> _WORK TO COMPLETE_
Go to the line below that contains "A young boxer in purple gloves in the ring". From there to the end of the records, reproduce each line exactly, except the pictures.

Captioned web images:
=== Begin Enclosure ===

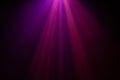 Purple and pink color wide lens projector with light beam for movie and cinema at night . smoke texture spotlight . screening for Royalty Free Stock Photo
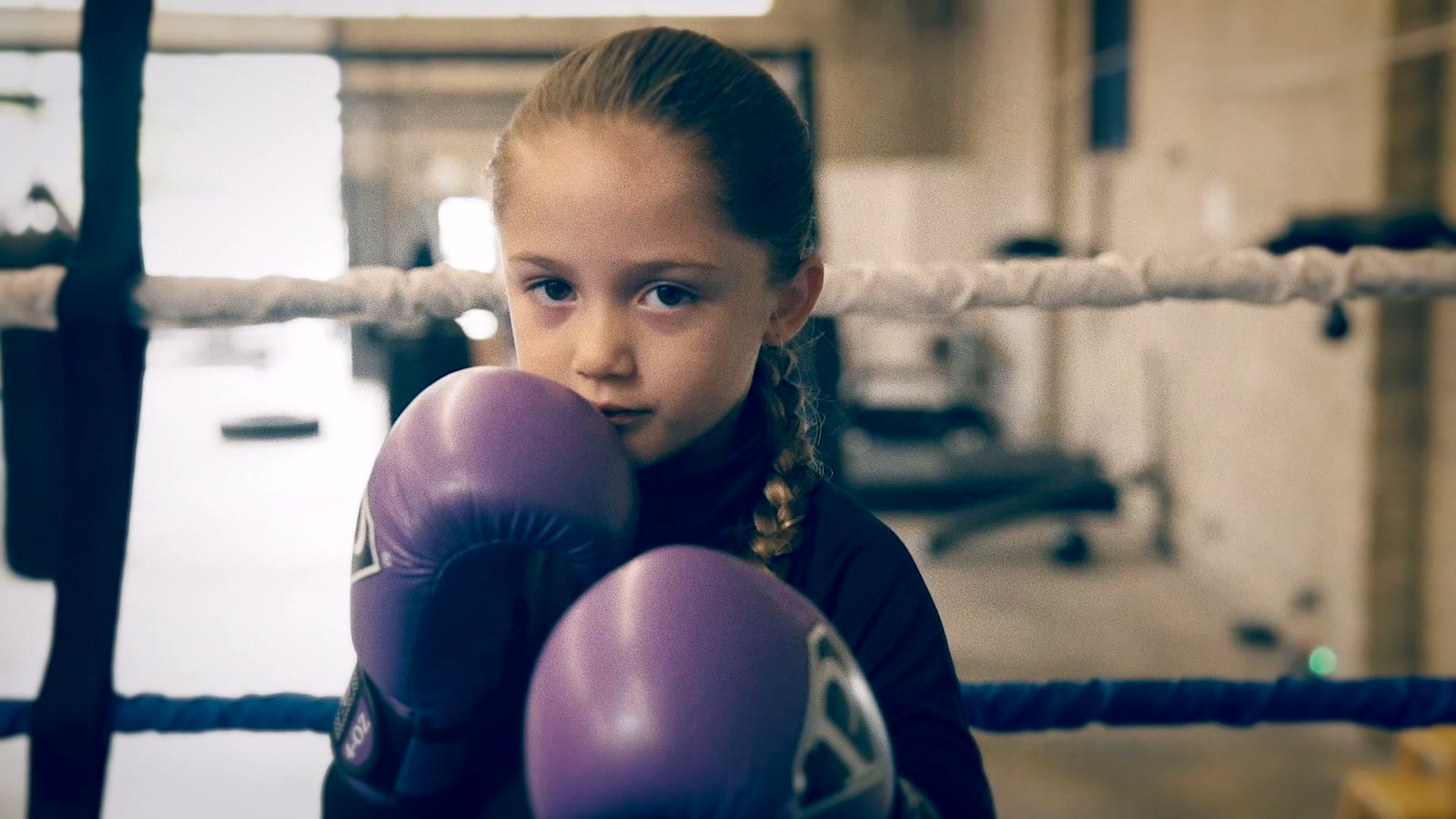 A young boxer in purple gloves in the ring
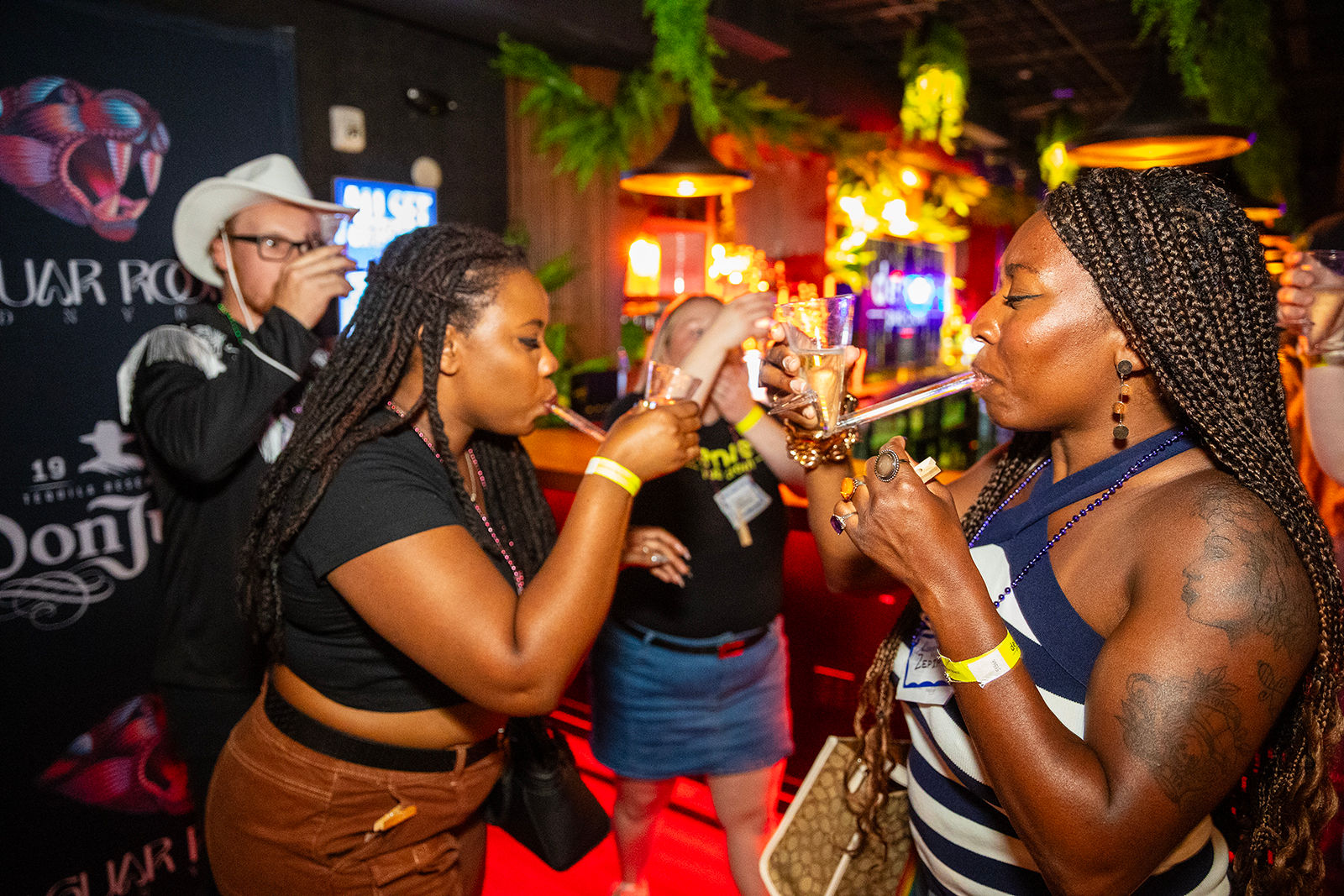 Friends sipping cocktails through a shared long drinking tube in a neon-lit bar, braided hairstyles, tattoos, wristbands and lively nightlife.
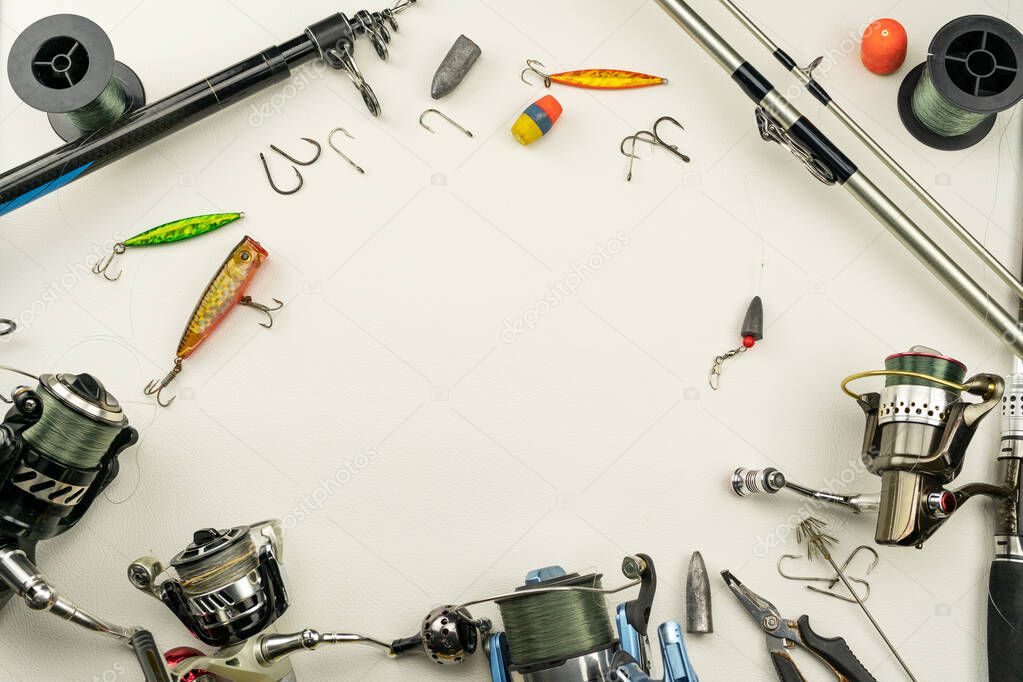 Fishing rods and reels fishing tackle on white leather background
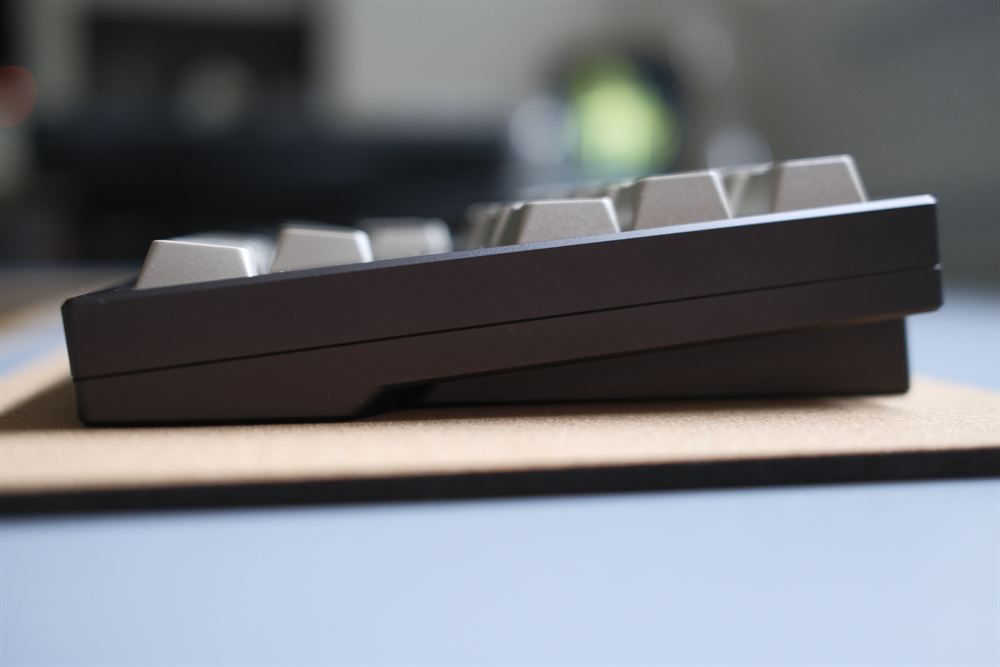 Low side profile of the black case on a cork mat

=== End Enclosure ===

> _SOLUTION_
 A young boxer in purple gloves in the ring
 Friends sipping cocktails through a shared long drinking tube in a neon-lit bar, braided hairstyles, tattoos, wristbands and lively nightlife.
 Fishing rods and reels fishing tackle on white leather background
 Low side profile of the black case on a cork mat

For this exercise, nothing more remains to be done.